The people who attend hearings are mainstream types who probably listen to Céline Dion – hardly the kind of subversive music that primes storming the barricades. In the year 2000 I watched images of the fall of Slobodan Milosević on cable news channels. The Serbian parliament was stormed by protesters and I fell out of my chair when I heard a song blaring among black smoke billowing from the windows – it was “Smells Like Teen Spirit”! I thought, “Now this is a great music video!”

Organizing requires submission to a group, not subversion. Remember that another term for “band” is “group”: The band works together to make its sound. With political association, instead of drums and guitars, the group elects officers and passes action resolutions, all while following the rules of Robert’s Rules of Order. In Let’s Talk About Love, Carl Wilson makes the point that you can’t think you’re a hipster in politics, because it is about human lives. The truth is that someone with a self-image as a subversive needs to work with a mainstreamer Céline Dion fan to meet reform goals. That doesn’t mean you have to listen to Dion’s songs or that they need to embrace your own subculture. But you do have to listen and work with others – just like a good band does.

Look at it this way: Imagine that an alternative cultural movement succeeds in storming a capitol building – after the music and crowds leave, who’s going to be there to clean up the glass and splintered furniture and start holding meetings regarding the people’s business? The answer will always be found among the kinds of folks willing to spend long hours in meetings, and most of those people are more like Céline Dion fans. That’s not saying that rock fans who’d prefer to attack buildings can’t be involved; this is part of the journey to the end of taste. But who is the gatekeeper to the new legislature? If the message is that Céline Dion fans need not apply, that reeks of oppression. Just like The Who sang: “Meet the new boss, same as the old boss”.

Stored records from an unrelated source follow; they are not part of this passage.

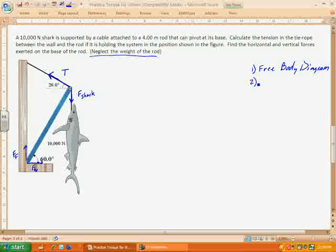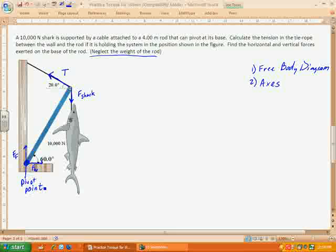Second, we need to choose our axes. In some situations like an inclined plane, we tilt the axes. In this case that isn't necessary, so we'll say up is positive y and to the right is positive x. Part of choosing an axis is identifying the pivot point — that's right here at the base of the rod. The radial distances when we do torque all depend on distance from the pivot point, so that will be important.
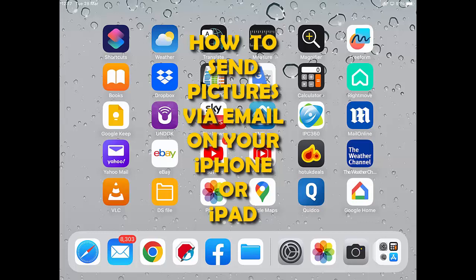This video is going to show you how you can send a photo via email on your iPhone or your iPad.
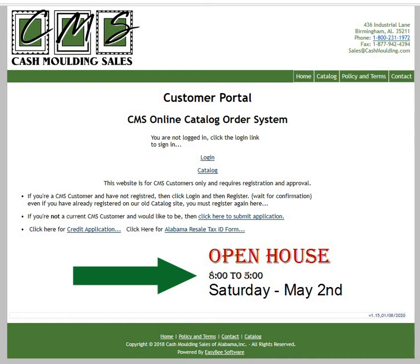Hello, welcome to the CashMolding Sales reset password video. My name is Kenny Brownlee, I'm the owner of EasyB Software. I developed this website for CashMolding Sales. We're going to show you how to reset your password.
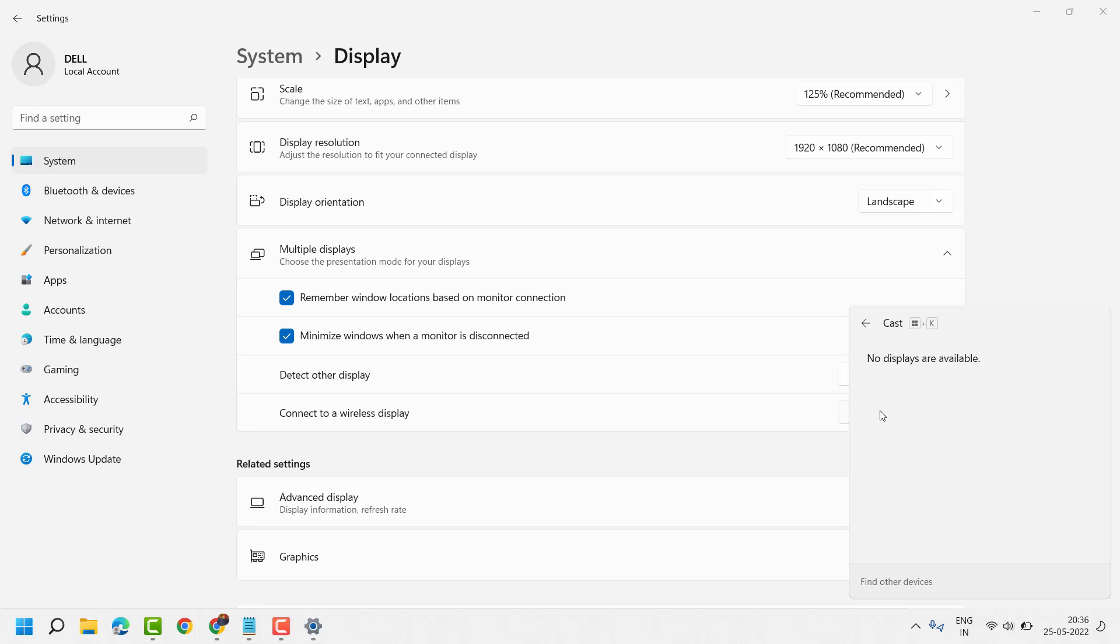If any display is available to connect, you will see the result here. So just click on connect.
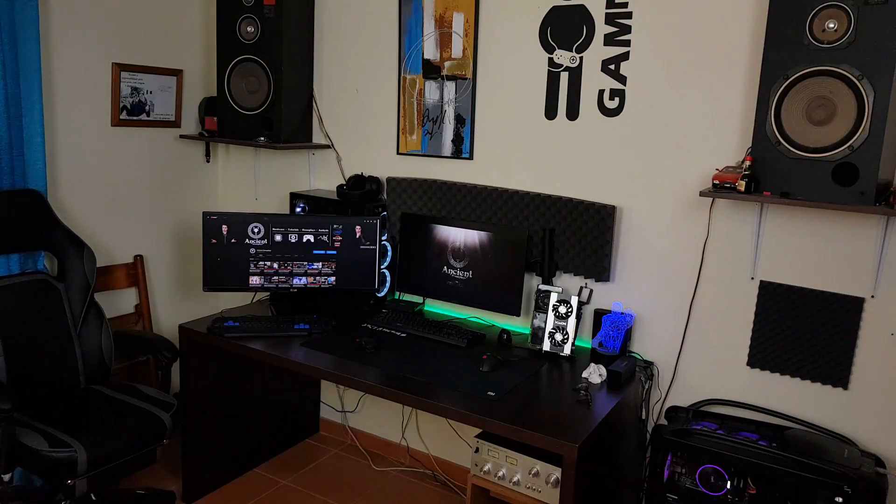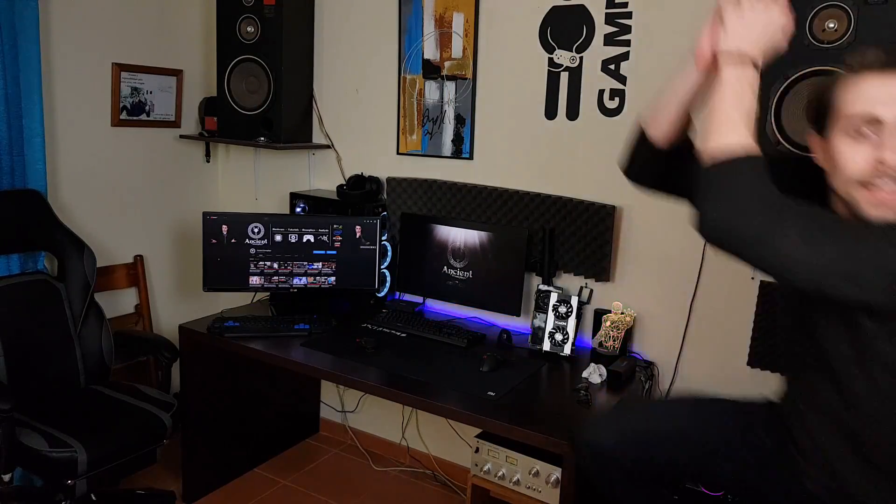Hello guys! Ancient Gameplays, I'm Fabio Pisco, and today I bring you a video that many people were hoping to have like ages ago.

Don’t call me a sellout because I seem to conform to established political norms. I am the chair of the only group in the United States promoting proportional representation. I am a currently unaffiliated voter who has stood up for political association, which is suffering under a state monopoly over party nominations. I am an active member of the Order of Patrons of Husbandry, a non-partisan group with deep roots in the nineteenth century. I play a lot of accordion. This all is decidedly unhip, I guess. I could claim that these political endeavors are all totally subversive; but admitting that could blow my cover, so I won’t. Wilson nails it with, “what liberal critics label subversive seldom pertains to practical social reform.” I engage in practical social reform.

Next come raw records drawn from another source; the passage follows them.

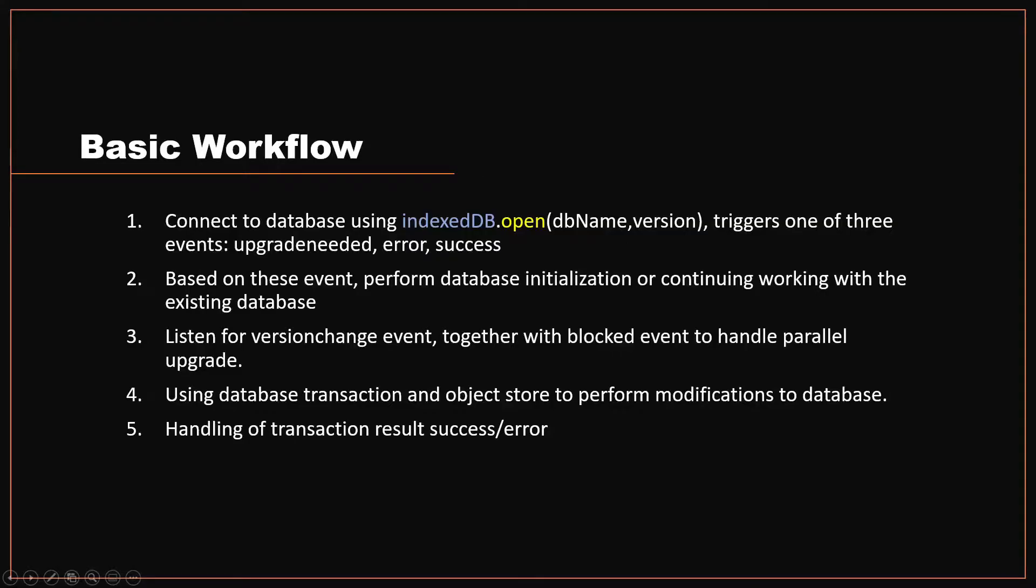Based on those events, you can perform database initialization like building your object stores and continuing modifying the database.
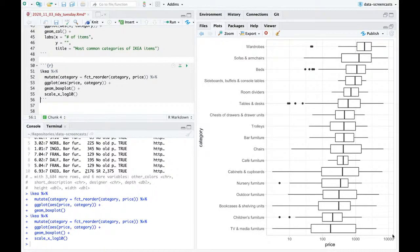Now I've got this version that shows the distribution of prices. Notice that prices can't go below zero — that makes sense — but they can go pretty high. That means I probably need scale_x_log10, since this long distribution will turn into a clearer shape on a log scale — going 10, 100, 1000, 10,000.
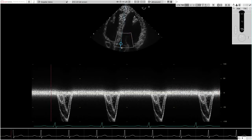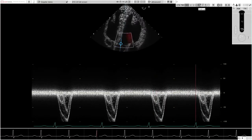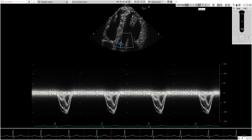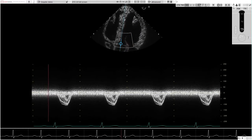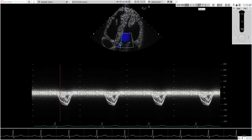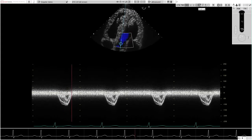Currently, Doppler data has been applied to the normal heart model. It is planned that in the near future, accurate data will be inserted into existing HeartWorks pathological heart models and will be integral to all future pathology releases.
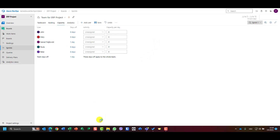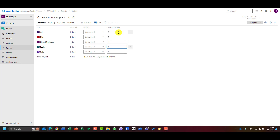Now I can set capacity in hours per day for each resource — how many hours per day that person is available to work. John is going to work seven hours, Mary seven hours, Nenad four hours, Paula eight hours, and Peter eight hours.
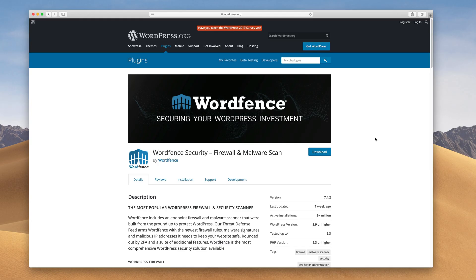Hey, it's Andy from SmartWP, and today we're going over WordPress security plugins. We have a free option, a paid option, and two other plugins that I like to use as well. Let's hop right in.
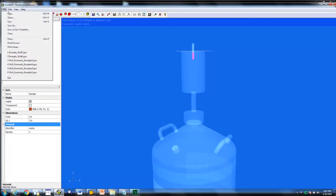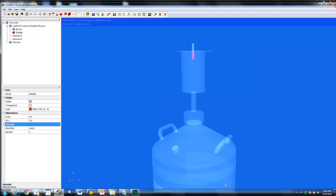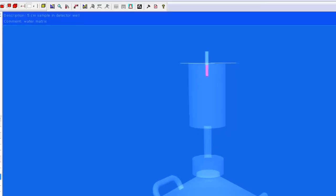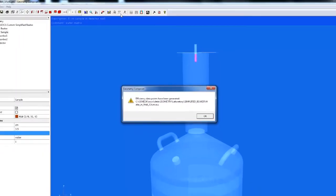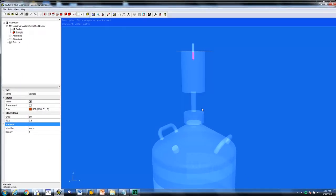Name the geometry file and save it. Complete the step by clicking on generate my efficiency curve. This generates a set of geometry efficiency data points, also known as an ECC file. Click OK to close the dialog window.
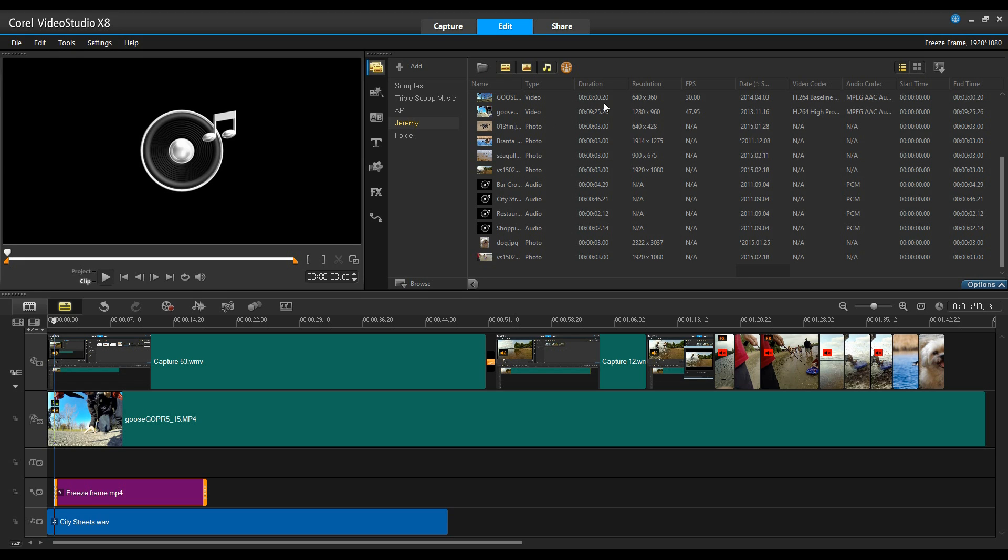Here I can now see the duration of the clip if it happens to be a video clip or duration of audio clip, as well as resolution of the videos and still images in there.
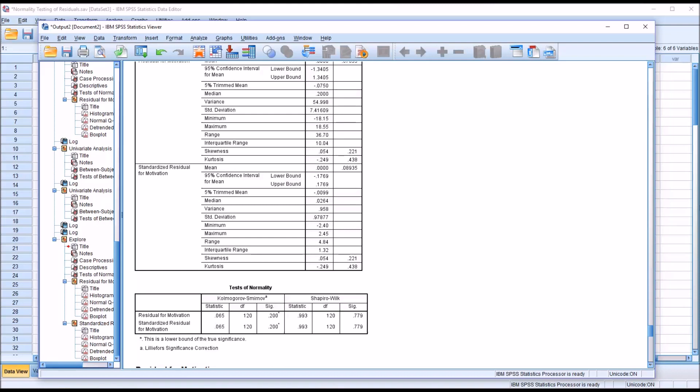I hope you found this video on testing the normality of residuals in ANOVA using SPSS to be helpful. As always, if you have any questions or concerns, feel free to contact me. I'll be happy to assist you. Thank you.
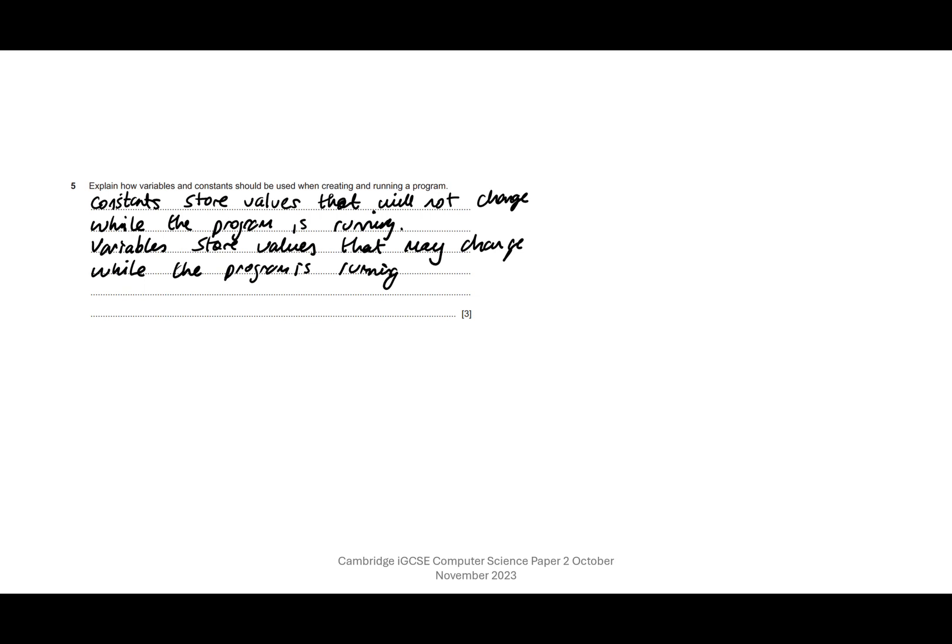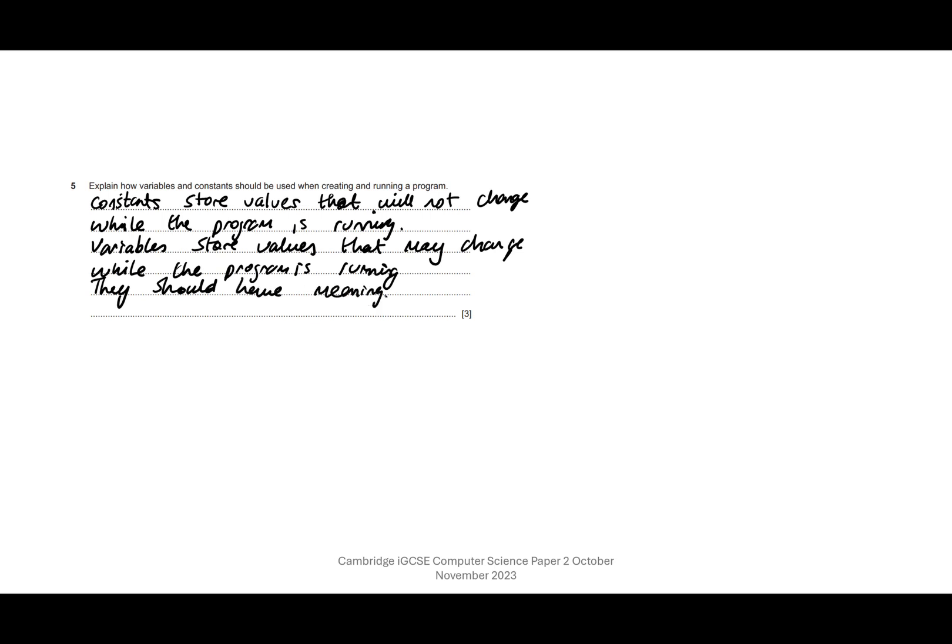We'll have a look at the mark scheme in a sec. Something else that's really important is with anything that you give a name to, they should have sensible names, and that's usually referred to as a meaningful identifier. That just means that if anyone else is looking at your code, they can understand what you're trying to do. For example, you might have a variable called area, so I know exactly what that is. They should have meaningful identifiers.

Subversion is a cool look, but without action it is nothing more than a pose. Of course some hipster can kick around Céline Dion, but this kind of thing is too easy in the course of the care and feeding of a smug self-image. I do my own thing, because as Dion sings, “My Heart Will Go On.”

Krist Novoselic is the former bassist for Nirvana. Excerpted from Carl Wilson’s new book, Let’s Talk About Love: Why Other People Have Such Bad Taste (Bloomsbury).